Chicago PMI and Marginal Growth
I normally do everything I can to avoid sentiment surveys, like the Chicago PMI (the Chicago Business Barometer to be specific), because they really are misleading without exact context. However, any large move like the one in July should bring at least some interest since outlier events are often the most informative. What may be important is not necessarily the huge collapse but the implications of that in how closely it resembles a chart I showed yesterday:
It’s not clear if the Chicago index is tracking inventories before or after the massive and unsettling revisions, but it doesn’t really matter since trends are what we are after. If there was an actual inventory buildup in 2014 (revised estimates), rather than the massive wave of 2013 (prior estimates), then such a steep decline might (and I stress might) indicate ultimate saturation. That would be all the more plausible if consumption and end demand of goods were less than desirable, and thus less than indicated by GDP (but not actual retail sales and other private figures of retailing), which weren’t exactly robust in historical context.

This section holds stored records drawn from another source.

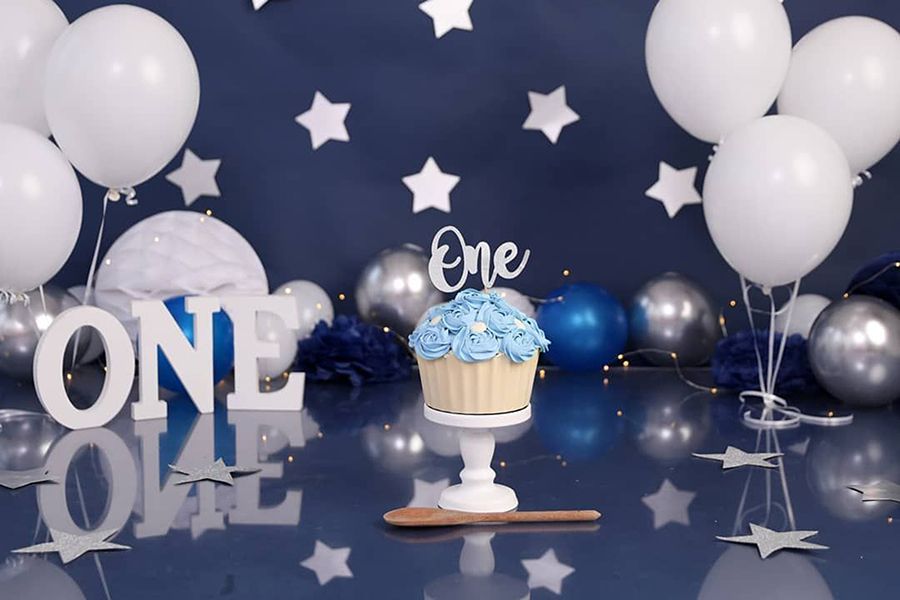 Background bóng bay dịp sinh nhật 1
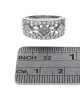 Diamond Open Cut Vintage Style Ring in White Gold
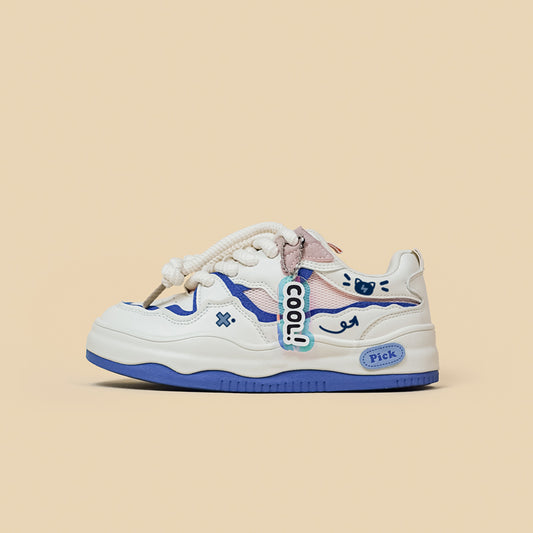 Zapatillas Deportivas Mujer Plataforma Malla Transpirable Comodidad Total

In other words, the possibility is raised that another inventory cycle, led by persistent optimism of end demand that never actually arrives, is closing in on its actual end. Given that the current mini-cycle dates back to the middle of 2013 (shown in both the GDP-inventory data and the Chicago PMI) that is nothing good for an economy, at least as pictured by GDP, that has been marginally attracted to inventory above all else.
To reiterate, this is a sentiment survey so I don’t place much emphasis on it. But it is intriguing to say the least. It certainly matches up with the growing deficiency in capital goods, so we will have to see if this is replicated broadly elsewhere.